What the exercise asks: Search the records below for the word "Photo", then return every line where it appears.

Given data:
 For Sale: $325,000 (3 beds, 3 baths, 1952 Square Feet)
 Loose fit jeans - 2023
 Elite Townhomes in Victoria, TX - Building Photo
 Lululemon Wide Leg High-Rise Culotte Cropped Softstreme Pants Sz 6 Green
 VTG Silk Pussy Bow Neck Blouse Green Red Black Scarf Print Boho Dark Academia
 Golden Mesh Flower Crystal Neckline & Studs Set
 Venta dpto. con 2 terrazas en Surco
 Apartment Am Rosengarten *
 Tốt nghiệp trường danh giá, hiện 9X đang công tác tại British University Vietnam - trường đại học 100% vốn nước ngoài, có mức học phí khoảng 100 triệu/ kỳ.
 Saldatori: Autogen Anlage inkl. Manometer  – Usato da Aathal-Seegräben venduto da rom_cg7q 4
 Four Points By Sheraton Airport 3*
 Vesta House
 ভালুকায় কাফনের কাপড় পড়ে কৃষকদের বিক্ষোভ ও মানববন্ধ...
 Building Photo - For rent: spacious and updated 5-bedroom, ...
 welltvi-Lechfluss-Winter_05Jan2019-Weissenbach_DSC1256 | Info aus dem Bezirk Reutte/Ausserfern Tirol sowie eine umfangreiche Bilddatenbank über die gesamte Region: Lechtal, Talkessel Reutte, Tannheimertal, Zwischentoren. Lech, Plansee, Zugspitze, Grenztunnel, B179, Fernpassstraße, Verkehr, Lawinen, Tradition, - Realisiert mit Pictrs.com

Solution for this task:
 Elite Townhomes in Victoria, TX - Building Photo
 Building Photo - For rent: spacious and updated 5-bedroom, ...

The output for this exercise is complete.